Traitement de l'endométriose pariétale par cryothérapie

N'oubliez pas que chaque patient est unique et que le diagnostic et la prise en charge de votre pathologie sont toujours adaptés à vos souhaits et vos particularités.

Cette page d'information n'a pas vocation à être exhaustive et toutes les réponses à vos questions n'y figurent pas forcément, n'hésitez pas à noter ces questions pour les poser à votre radiologue interventionnel en consultation.

Les informations présentées ci-dessous ont été rédigée par un médecin. Elles sont issues de notre pratique et des recommandations de sociétés savantes comme par exemple le CIRSE (Cardiovascular and Interventional Society of Europe - société européenne de radiologie interventionnelle).

Qu'est ce que c'est ?

L'endométriose pariétale correspond à l'implantation de cellules d'endomètre — le tissu qui tapisse l'intérieur de l'utérus — dans la paroi du ventre. Ces cellules forment un nodule, le plus souvent situé au niveau d'une cicatrice de césarienne.

Cette forme d'endométriose est particulière : elle est isolée dans la paroi abdominale et n'a pas le même comportement que l'endométriose pelvienne. Elle apparaît généralement dans les mois ou les années qui suivent la césarienne.

Elle est fréquemment méconnue.
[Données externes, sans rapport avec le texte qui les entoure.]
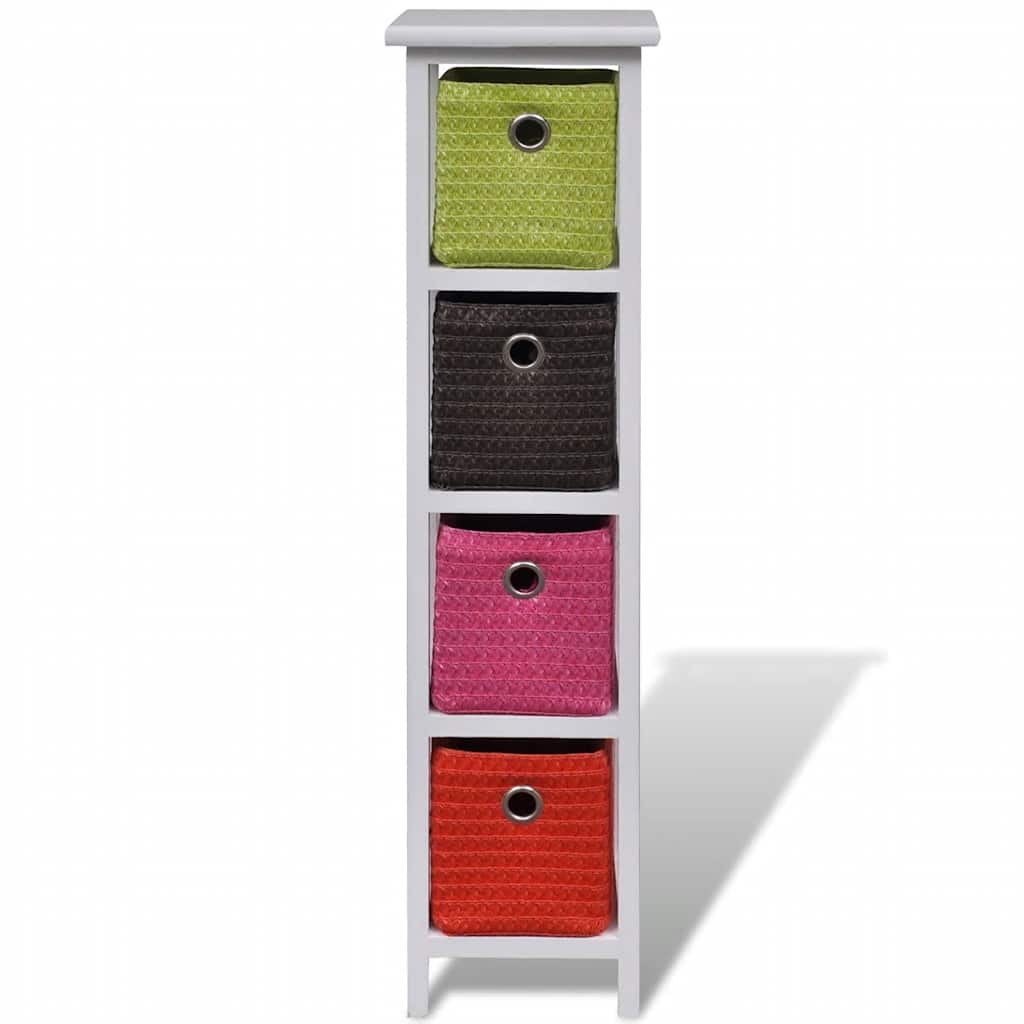 vidaXL Storage Rack | White with multicoloured baskets 2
Beaucoup de patientes consultent longtemps avec une douleur attribuée à une cicatrice sensible, à une hernie ou à un problème digestif — alors que le caractère cyclique de la douleur est très évocateur.

La cryothérapie consiste à détruire ce nodule par le froid, à travers la peau, sans ouvrir la paroi.

Pourquoi ?

Le traitement est proposé lorsque le nodule est symptomatique. Les signes les plus caractéristiques sont :

  • Une douleur cyclique, maximale pendant les règles, toujours au même endroit de la cicatrice
  • Une masse palpable sous la peau, parfois sensible en dehors des règles
  • Une douleur résistante aux antalgiques habituels et aux traitements hormonaux
  • Un retentissement sur la vie quotidienne, professionnelle ou intime

Le diagnostic repose d'abord sur l'interrogatoire — la relation entre la douleur et le cycle est l'élément clé — complété par une échographie de la paroi et une IRM, qui précisent la taille du nodule, sa profondeur et ses rapports avec le muscle.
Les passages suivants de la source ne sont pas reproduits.